Records excerpted from a collection:
"""

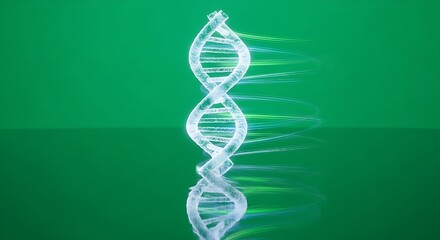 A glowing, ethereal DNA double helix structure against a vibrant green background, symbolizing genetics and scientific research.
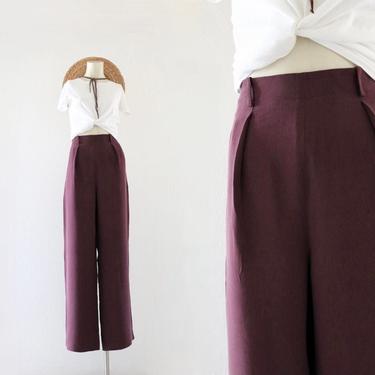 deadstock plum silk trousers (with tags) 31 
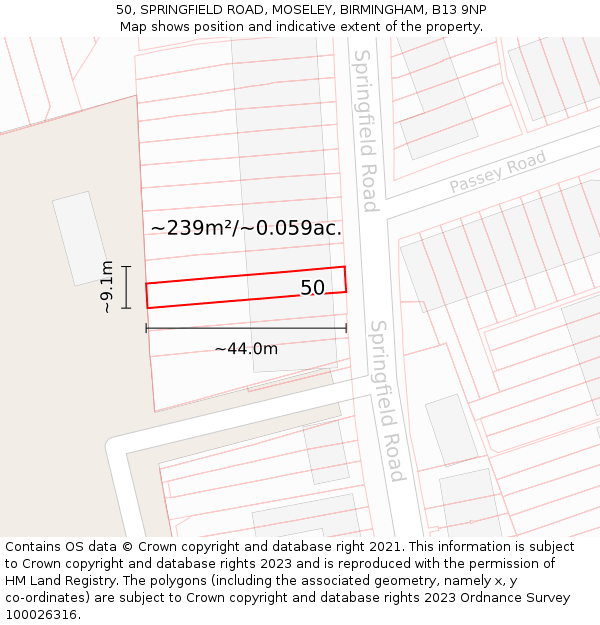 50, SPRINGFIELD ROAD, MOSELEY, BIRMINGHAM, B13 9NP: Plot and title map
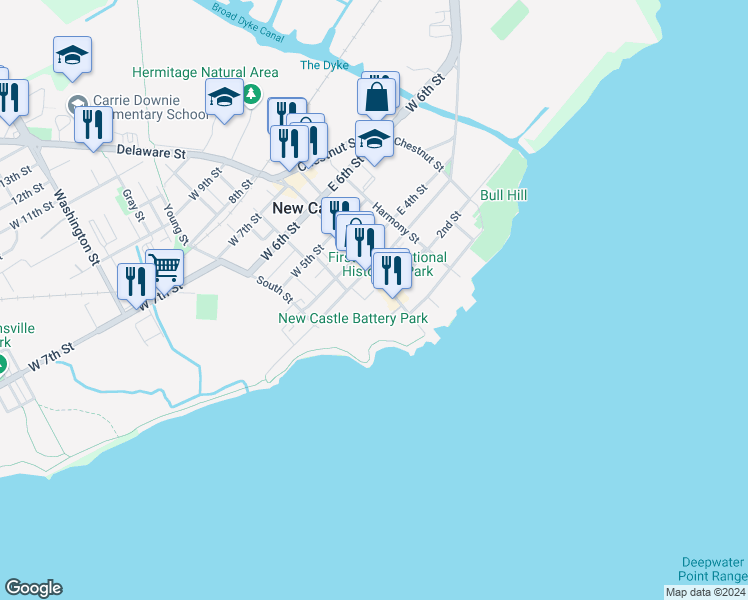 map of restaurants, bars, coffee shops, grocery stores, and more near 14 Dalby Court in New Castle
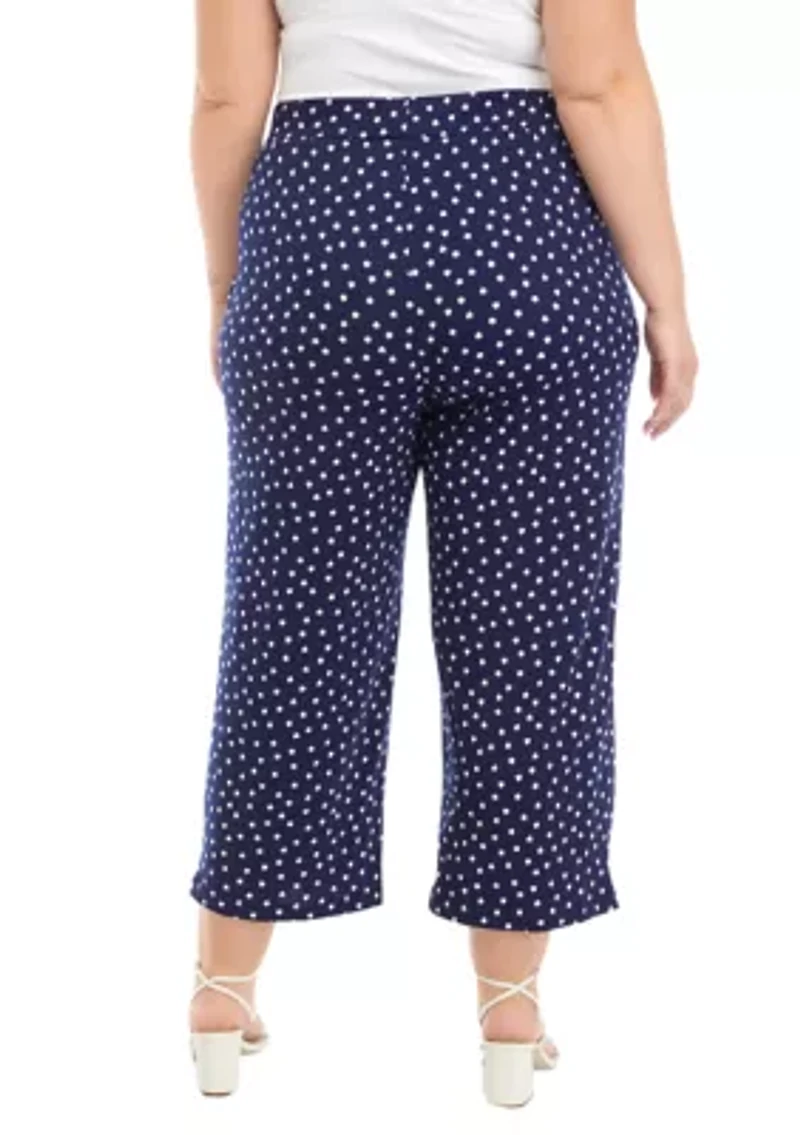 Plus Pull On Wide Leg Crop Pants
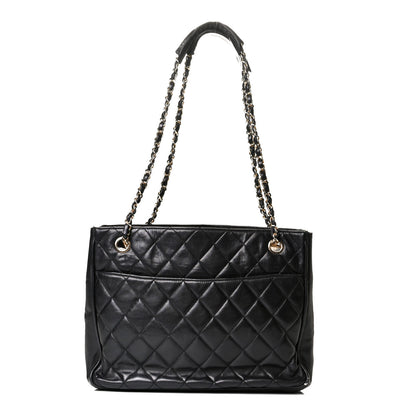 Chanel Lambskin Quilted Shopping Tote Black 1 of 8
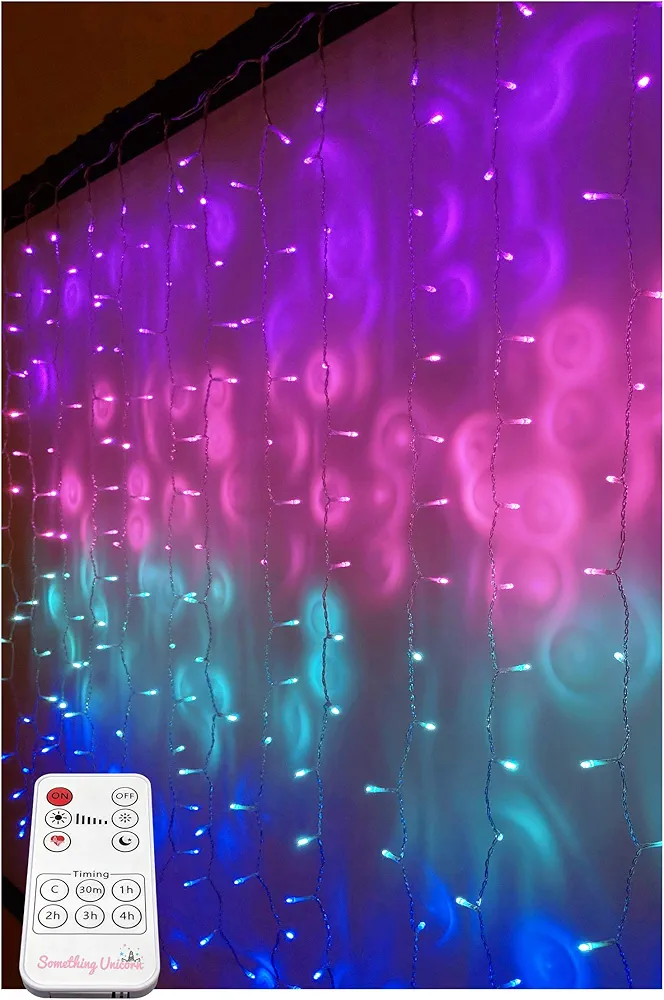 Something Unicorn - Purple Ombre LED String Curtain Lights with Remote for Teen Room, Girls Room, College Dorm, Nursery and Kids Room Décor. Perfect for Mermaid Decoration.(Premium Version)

"""

Required work: Would you set down every line of the data above exactly, skipping the pictures?

Result of the task:
 A glowing, ethereal DNA double helix structure against a vibrant green background, symbolizing genetics and scientific research.
 deadstock plum silk trousers (with tags) 31 
 50, SPRINGFIELD ROAD, MOSELEY, BIRMINGHAM, B13 9NP: Plot and title map
 map of restaurants, bars, coffee shops, grocery stores, and more near 14 Dalby Court in New Castle
 Plus Pull On Wide Leg Crop Pants
 Chanel Lambskin Quilted Shopping Tote Black 1 of 8
 Something Unicorn - Purple Ombre LED String Curtain Lights with Remote for Teen Room, Girls Room, College Dorm, Nursery and Kids Room Décor. Perfect for Mermaid Decoration.(Premium Version)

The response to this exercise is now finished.